Cementir, la multinazionale italiana che produce e distribuisce cemento e calcestruzzo, annuncia 106 tagli, di cui 47 a Taranto.
“La notizia dei licenziamenti – dicono i sindacati confederali – arriva alla vigilia della scadenza dell’accordo sui contratti di solidarietà sottoscritto il 14 settembre 2015. Tra gli impegni assunti da Cementir, un anno fa, con le organizzazioni sindacali c’era non solo la presentazione del piano di investimento per lo stabilimento di Taranto per il 2016, ma anche la possibilità di rinnovare il contratto di solidarietà, in virtù della proroga della concessione d’uso del quarto sporgente e della calata numero 4 da parte dell’Autorità portuale”. E’ quanto riportato dal Sole 24 Ore e ripreso in un comunicato dello Slai Cobas locale.

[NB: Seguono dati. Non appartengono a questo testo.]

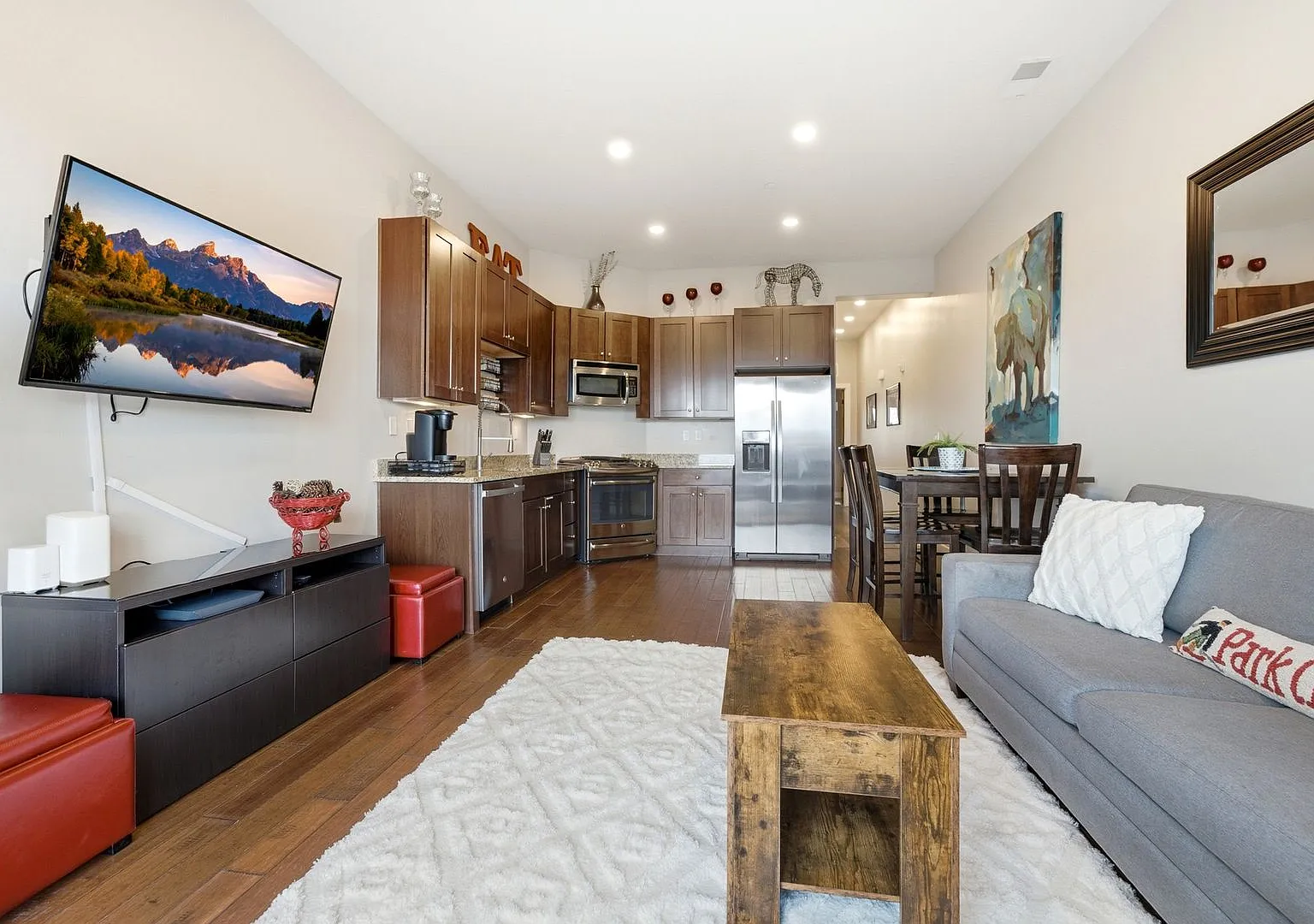 Fully Furnished Newpark Townhome - 1 car Garage - 6 Months up to 1 Year Lease — Photo 1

“Il sindacato di base aveva denunciato da tempo la situazione – si legge nella nota – ma Cgil, Cisl e Uil hanno voluto credere alle falsità dell’azienda. Mentre Cgil, Cisl e Uil firmavano cassa integrazione e poi contratti di solidarietà che avrebbero inevitabilmente portato ai licenziamenti, gli operai Cobas denunciavano la legittimità della cigs, quando il gruppo Caltagirone, proprietario dell’azienda, dichiarava degli utili sempre maggiori. Denunciavano – prosegue il comunicato – che in realtà la Cementir puntava sull’estero per fare più profitti, ridimensionando o pensando di chiudere gli impianti italiani. Denunciavano come gli interventi di ristrutturazione, per cui l’azienda otteneva la cassa integrazione, non erano stati effettuati, poiché l’intenzione era quella di dichiarare esuberi, cambiando in corso d’opera la motivazione della richiesta di cigs. Mentre c’era la cassintegrazione, gli operai denunciavano lavorazioni date in appalto, che potevano invece essere affidate agli stessi operai Cementir”.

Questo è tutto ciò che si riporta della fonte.